Of course, there are few common variables from the Rivers-Brady matchups throughout the past 13 years. Bill Belichick is one—the Patriots have had just one head coach going back to the first meeting in 2006, while the Chargers have cycled through four. And throughout the seasons, offensive skill players, offensive linemen, defenses, coordinators, coaches, and schemes have all come and gone, so it’s difficult to draw many hard-and-fast conclusions from games that happened more than a decade ago.
But this Sunday’s matchup will give Rivers a chance to extract some long-awaited revenge. With Keenan Allen, Mike Williams, Tyrell Williams, Gates, Gordon, Ekeler, and the recently activated Hunter Henry at his side, Rivers is directing one of the most talented offenses this Chargers franchise has ever fielded. Brady can’t come close to saying the same thing.

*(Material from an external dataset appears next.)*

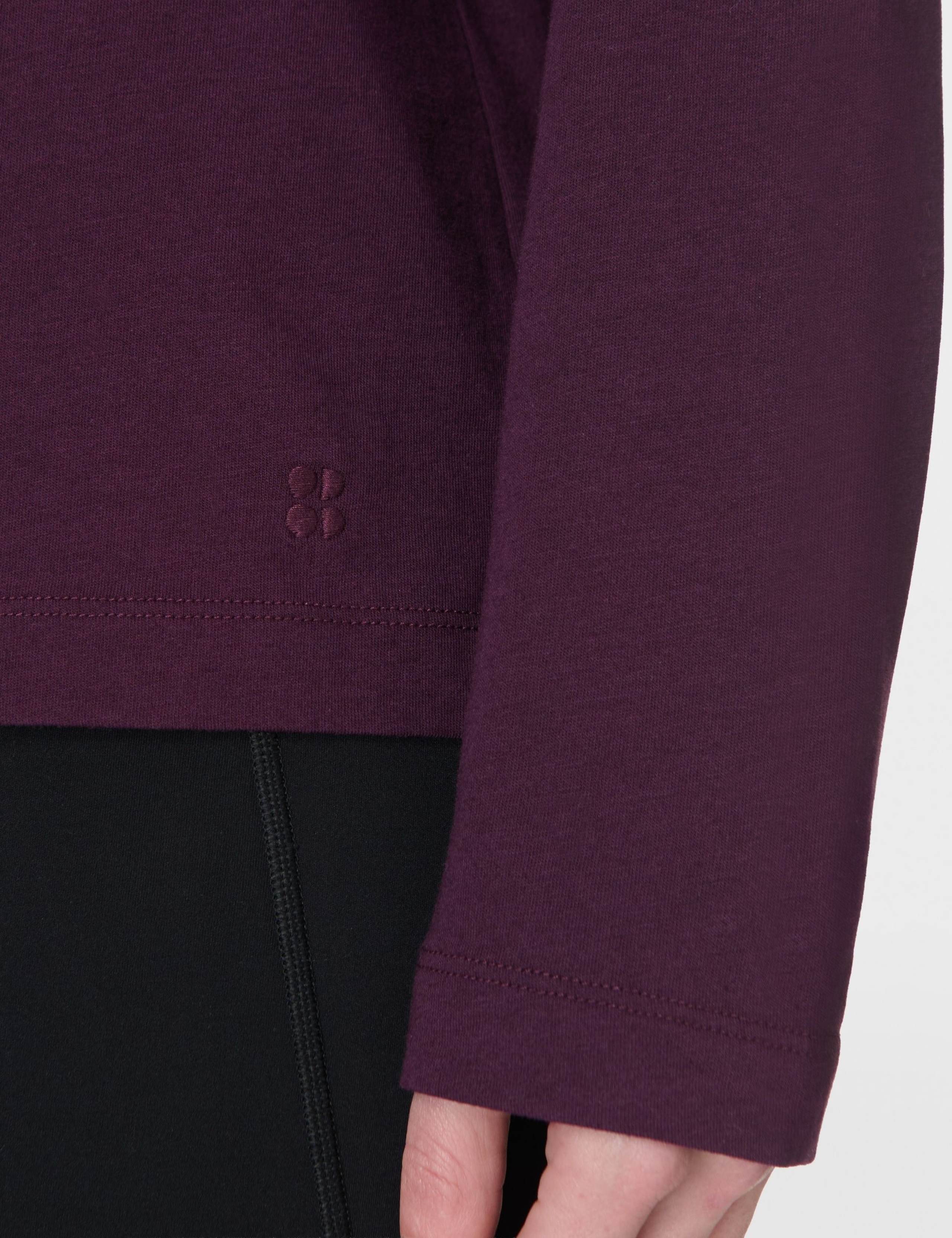 Essential Cotton Rich Top 6 of 6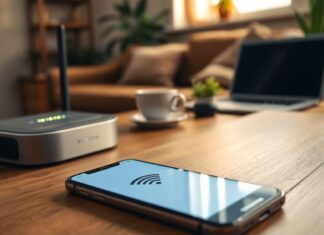 iPhone’da Wi-Fi sürekli kapanıyor – Evde kesin çözüm iPhone’da Wi-Fi sürekli kapanıyor – Evde kesin çözüm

Matched up with a Patriots team that seems more vulnerable than it has in years, the Chargers look poised to give New England a tough fight. If the history between these two quarterbacks tells us anything, though, it’s that Sunday’s game is going to be close, and a handful of pivotal plays are going to turn the tide for the winning squad. Don’t be surprised when this game comes down to a clock-salting drive to seal the game, one last-ditch heave into the end zone on the final play, or—since we’re talking about the Chargers here—a game-deciding kick. Against Brady and the Patriots, who’ve proved to be masters of situational football time and time again over the past decade-plus, Rivers and Co. are going to have to buck what’s happened in most of the past seven matchups and be damn near perfect down the stretch.